Great Read. Liked the Red Green nod at the end there 🍁 ;).

"Instead I kind of just test played the game over and over and got a feeling for how much time should pass until the next station appeared."

Yeah, this is one of the hardest things to figure out. While animation will always be incredibly tedious, it might've been just as equally hard to figure out, how to achieve the same effect, while also trying to queue up these transitions, through player interaction sequences.

Like, you may have had a game that could've been finished in less than 8 minutes. But it probably would've taken longer than 5 weeks to make, just trying to figure out, through planning and polishing, how each sequence would move on it's own after each player interaction - but this is definitely worth researching for future projects, so if you do plan to use this idea again down the road, you'll know how to and be able to do that very quickly.

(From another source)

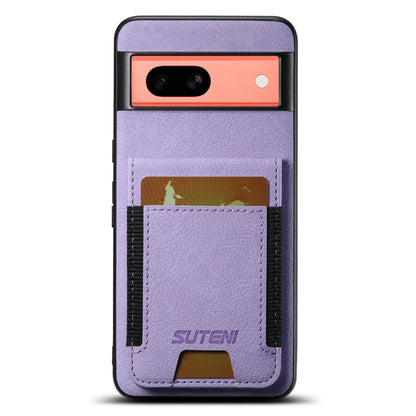 For Google Pixel 7a Suteni H03 Litchi Leather Card Bag Stand Back Phone Case(Purple)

Looking forward to more with what you're working on. I remember talking to SplashKhat and even though he mostly worked with 2D sprites in his Newgrounds shorts, he desperately wanted to move on to something that would allow him to work in 3D, because it would have offered him more control over, not only the perspective but the composition of his movies.

Stuff like Grandia, Thousand Arms and Xenogears, even though those games still utilized 2D sprites, involved a lot of 3D camera work, and often that 3D camera work, gave a better sense of emotion in a particular scene than what 2D or FMV could do alone.

2D in a 3D environment, might be the route worth exploring. Looking forward to what you work on next.